## Entries taken from a collection

----------

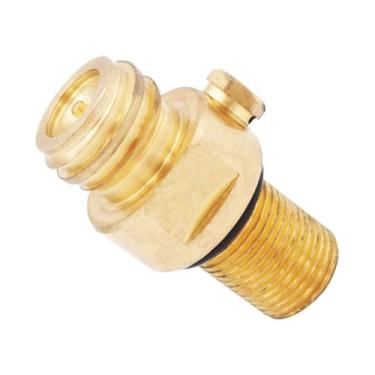 Imagem de WeiLaiKeQi Adaptador de recarga de cilindro, tanque de máquina de refrigerante, adaptador de válvula de cilindro de CO2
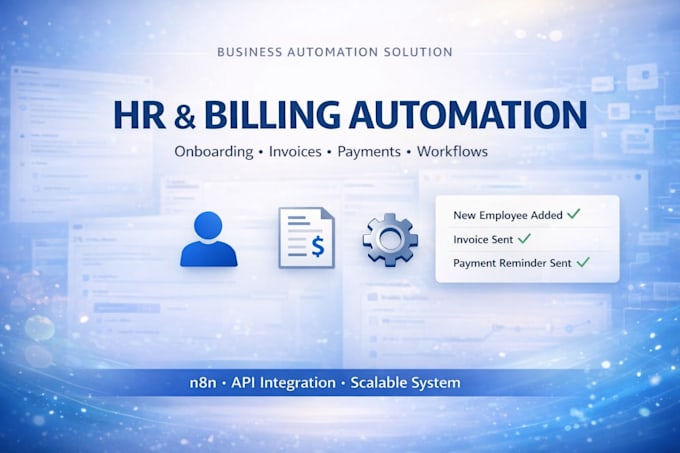setup hr onboarding and billing automation n8n workflow api integration system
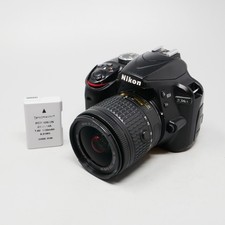 Nikon D D3400 24.2MP DSLR Camera Kit w/ AF VR DX 18-55mm Lens - READ DESCRIPT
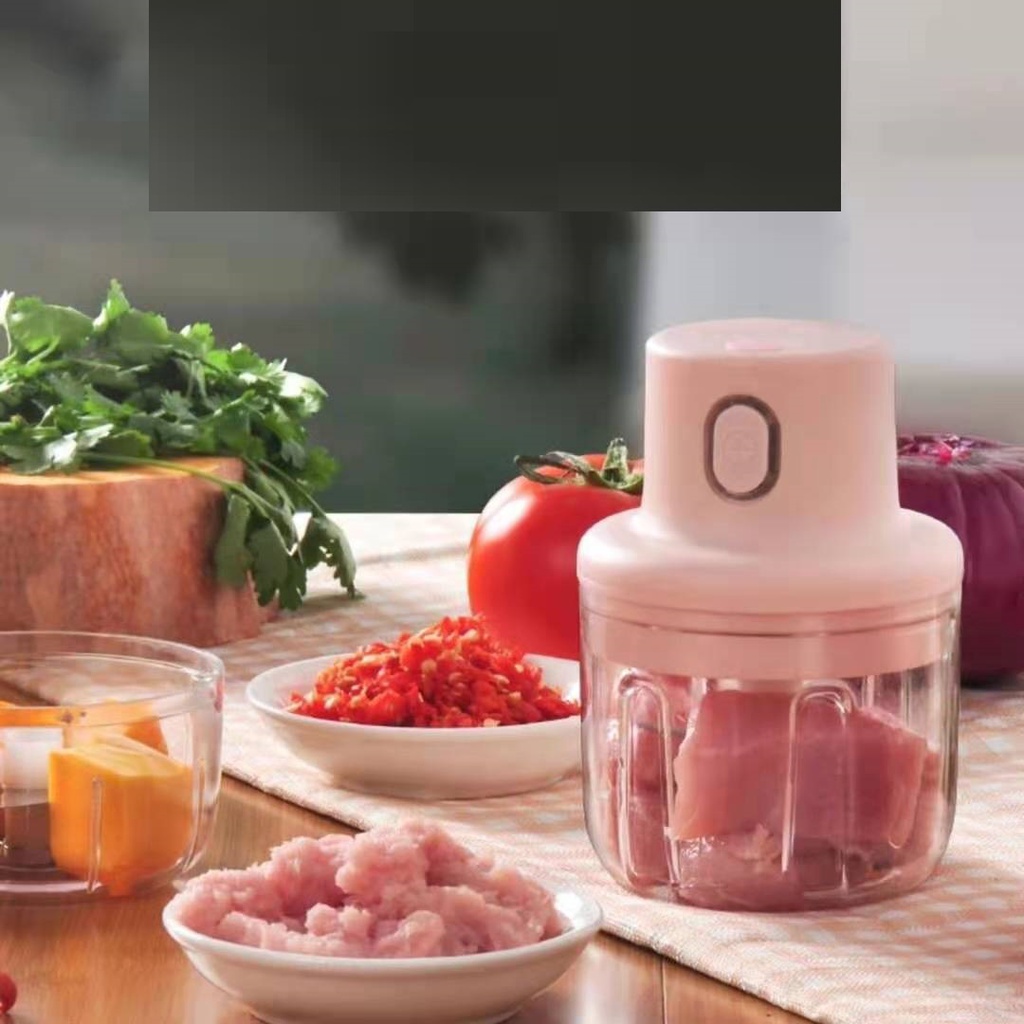 Máy Xay Mini Cao Cấp Cầm Tay Sạc Điện, Xay Thịt Ớt Hành Siêu Tiện Lợi
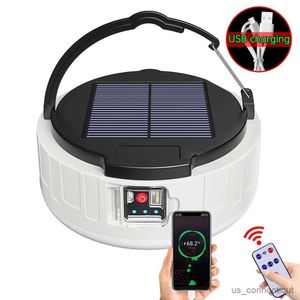 Luces del sensor Solar Portátil USB Led Recargable Luz exterior Mercado nocturno Carga Camping Luz colgante Carpa Luz de pesca Lámpara de emergencia R230606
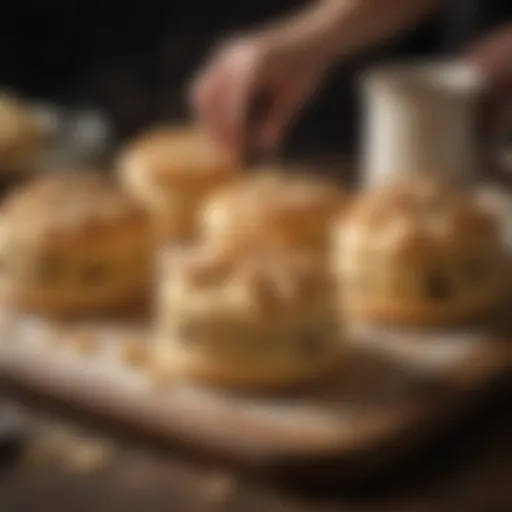 A historical depiction of scone making origins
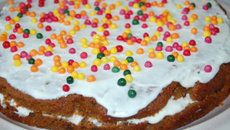 Gâteau aux noix et mascarpone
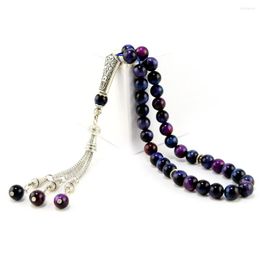 Beads Tiger Eye Stone Tasbih Bracelet Style Muslim 33/99 Bead Misbaha Islamic Natural Jewelry Family/Friend Holiday Gift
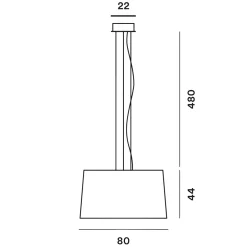 Foscarini Twice as Twiggy LED Sospensione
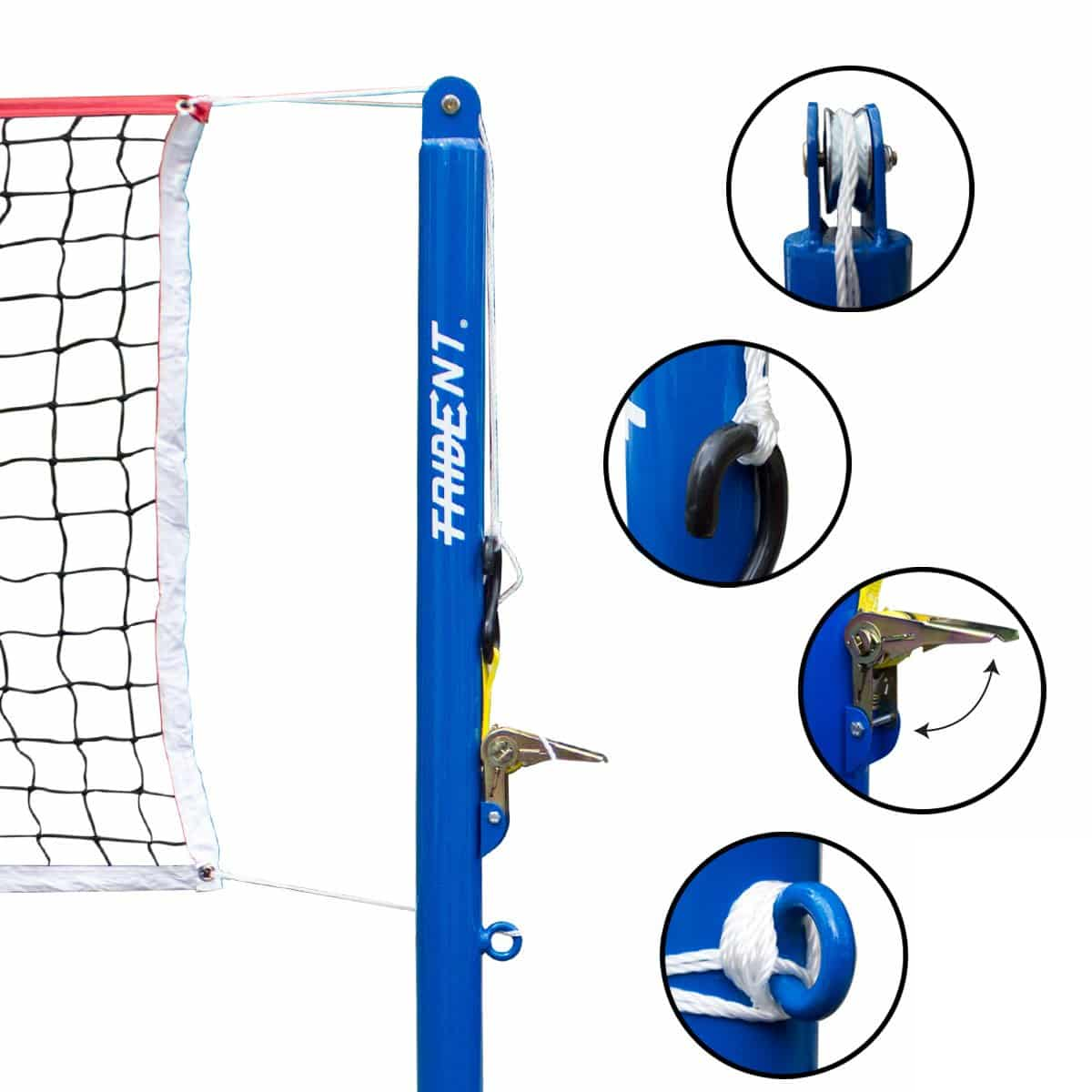 Badminton Post - Trident + Weight + Wheels KQ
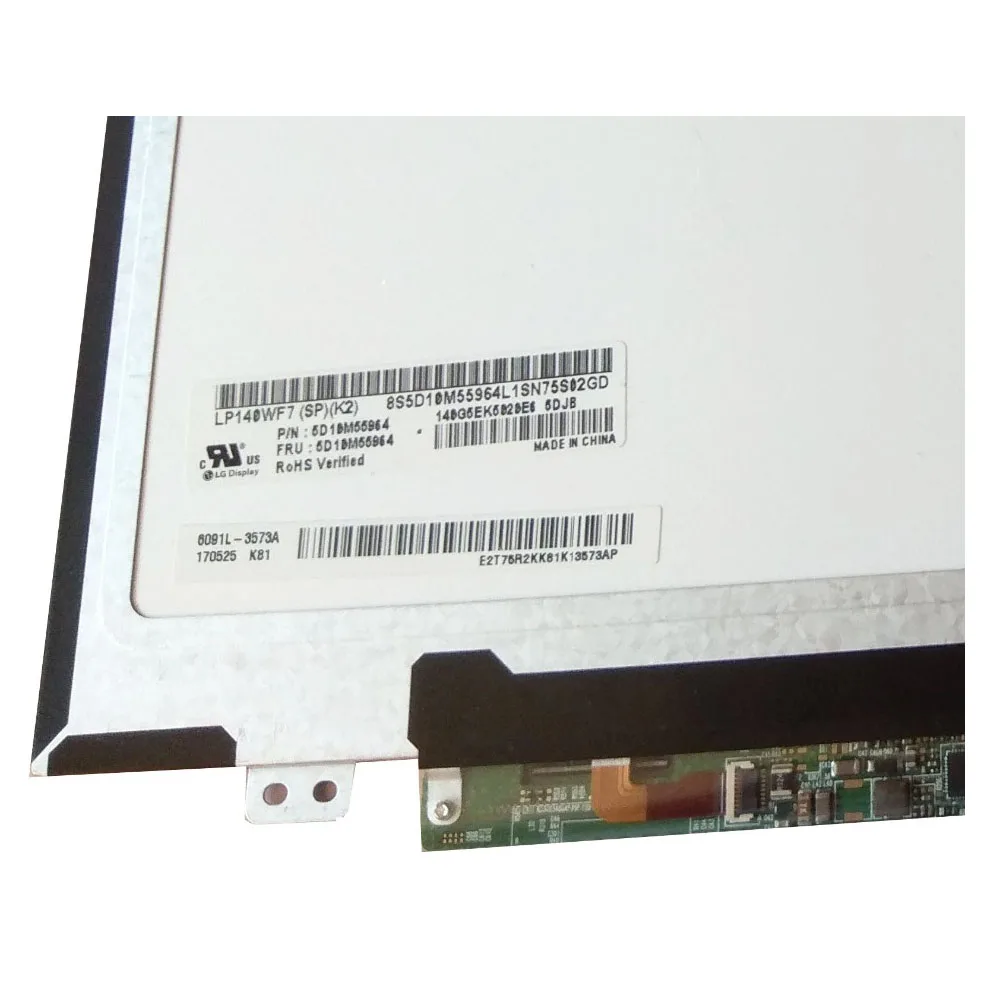 Детали для замены ЖК-дисплея LP140WF7 SP K2 (SP)(K2) FRU P/N 5D10M55964 14 0 &quot30 pin FHD x | Компьютеры и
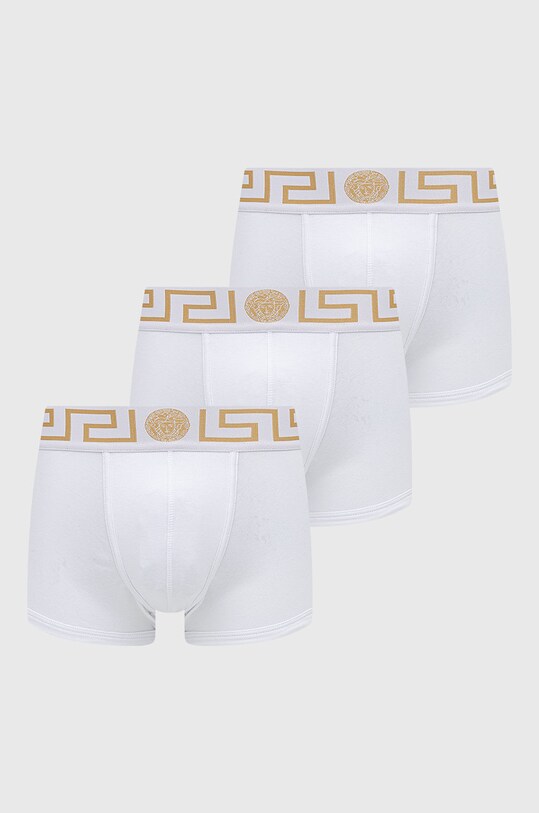 Versace Bokserki (3-pack) bawełna biały AU10326.NOS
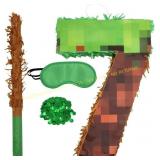 Number 7 Pixel Pinata for Birthday Party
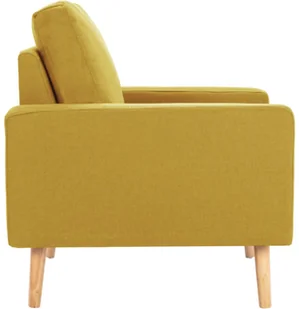 vidaXL 2-częściowy komplet wypoczynkowy, obity tkaniną, żółty - Komplety wypoczynkowe - miniaturka - grafika 8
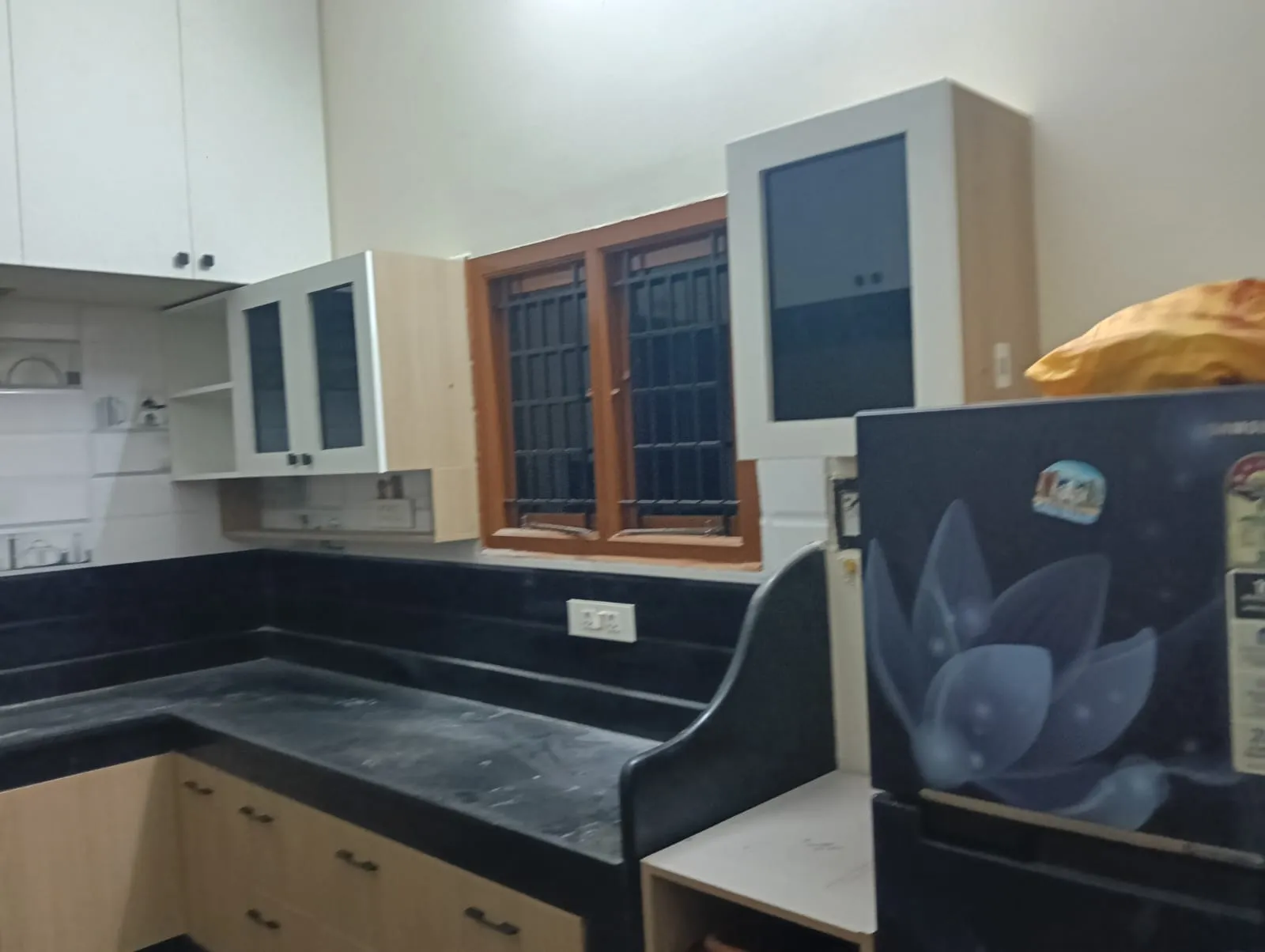 A Brown Aluminium window Quartz Countertops Desk and Decor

----------

Give back exactly the lines above that run from the one with "setup hr onboarding" to the one with "Máy Xay Mini", including both, with the pictures left out.

## Task output
setup hr onboarding and billing automation n8n workflow api integration system
 Nikon D D3400 24.2MP DSLR Camera Kit w/ AF VR DX 18-55mm Lens - READ DESCRIPT
 Máy Xay Mini Cao Cấp Cầm Tay Sạc Điện, Xay Thịt Ớt Hành Siêu Tiện Lợi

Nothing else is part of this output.